Lots of claims have been made for QE but no central bank has yet been able convincingly to demonstrate that it helps stimulate economic recovery. About the best that might be said for it is that it raised confidence at a critical moment in the crisis when financial and economic armageddon were threatened. But the persistence of asset purchases thereafter is much more questionable. There is not a whole lot of evidence to suggest it has played much of a role in restoring growth.
QE is supposed to work in a number of ways; it is, for instance, hard to argue that it hasn’t depressed long-term interest rates. Some have benefited from this phenomenon undoubtedly, in particular mortgage holders and large companies, but it doesn’t seem significantly to have reduced the cost or availability of finance to the real economy, which for many smaller companies remains high and scarce.
It was also meant to have led to “portfolio rebalancing”, with investors replacing the bonds bought by the central bank with other assets such as equities. This in turn might have marginally reduced the cost of capital but, again, for the vast majority of privately-owned businesses it has made no difference at all.
Another declared purpose was to raise inflationary expectations, which in turn was meant to boost spending and wages. Again, nil effect, unless you count the scare stories in the early stages of QE of Weimar-style hyper-inflation. In any case, real wages, the chief driver of domestically-generated inflation, have gone nowhere for nearly a decade now.
Expanding the money supply via increased central bank reserves was also supposed to have boosted bankers’ willingness to lend, artificially generating the same “money multiplier” effect that rules in more normal times, when commercial bank lending and money creation is buoyant. Again, there is very little evidence that this occurred.
What very definitely did occur is that small cash savers got squeezed and debtors got bailed out.
The biggest of these debtors were governments, particularly the British, US and Japanese governments. All of them were able to borrow more cheaply than otherwise and, with the central bank mopping up supply, were able to raise a great deal more money. Central banks became enablers of continued deficit spending.
Remove the disciplines of the market, which is in effect what QE does, and governments will spend, if not with outright abandon, certainly with less concern than they would otherwise. Both in Britain and the US, much of the urgency of deficit reduction has been removed by QE. Governments can proceed at a leisurely pace. Heck, why not make deficit spending a permanent feature of the economic landscape?
An invidious sophistry surrounds official explanations of QE, as well as a blanket denial of what it really is. No central bank will admit the unpalatable truth – that it is backdoor monetisation of government debt – certainly illegal under European law and possibly English law, too. As the Sheffield Institute authors argue, if you are going to use monetary means to finance government spending, you should at least be open and honest about it, as well as have a proper debate about whether QE is really the appropriate way of going about it.

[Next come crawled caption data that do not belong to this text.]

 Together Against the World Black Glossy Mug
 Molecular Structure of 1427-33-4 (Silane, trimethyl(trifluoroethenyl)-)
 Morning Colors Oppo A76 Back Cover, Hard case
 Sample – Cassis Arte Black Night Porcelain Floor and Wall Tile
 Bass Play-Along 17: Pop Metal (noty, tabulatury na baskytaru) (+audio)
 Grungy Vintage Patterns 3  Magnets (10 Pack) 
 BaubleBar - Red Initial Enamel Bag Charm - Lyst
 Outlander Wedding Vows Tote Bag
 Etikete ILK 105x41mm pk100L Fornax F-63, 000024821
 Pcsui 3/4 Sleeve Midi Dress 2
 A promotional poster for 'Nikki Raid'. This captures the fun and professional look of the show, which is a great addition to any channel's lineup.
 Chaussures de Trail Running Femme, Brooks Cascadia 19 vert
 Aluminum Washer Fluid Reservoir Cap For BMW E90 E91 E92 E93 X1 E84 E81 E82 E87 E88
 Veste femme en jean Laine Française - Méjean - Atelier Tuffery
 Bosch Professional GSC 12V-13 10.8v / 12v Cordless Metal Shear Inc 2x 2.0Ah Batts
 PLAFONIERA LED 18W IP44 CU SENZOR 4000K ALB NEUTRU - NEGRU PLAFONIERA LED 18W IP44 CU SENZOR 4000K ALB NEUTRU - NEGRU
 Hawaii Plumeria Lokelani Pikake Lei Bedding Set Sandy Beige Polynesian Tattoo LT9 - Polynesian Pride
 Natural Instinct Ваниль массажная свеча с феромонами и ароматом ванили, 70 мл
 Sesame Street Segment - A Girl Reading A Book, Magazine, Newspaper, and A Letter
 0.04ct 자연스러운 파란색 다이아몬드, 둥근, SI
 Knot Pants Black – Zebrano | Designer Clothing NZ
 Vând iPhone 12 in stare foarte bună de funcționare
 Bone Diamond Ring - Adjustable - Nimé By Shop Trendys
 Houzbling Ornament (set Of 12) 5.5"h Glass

In any case, underlying all this monetary manipulation is a deeply depressing set of contemporary assumptions and received wisdoms – that government spending can somehow magic up economic growth; that politicians and regulators know better than markets how productively to allocate investment; that social equality should be the ultimate aim of all government activity. How ironic that QE has succeeded only in making this latter goal even more distant.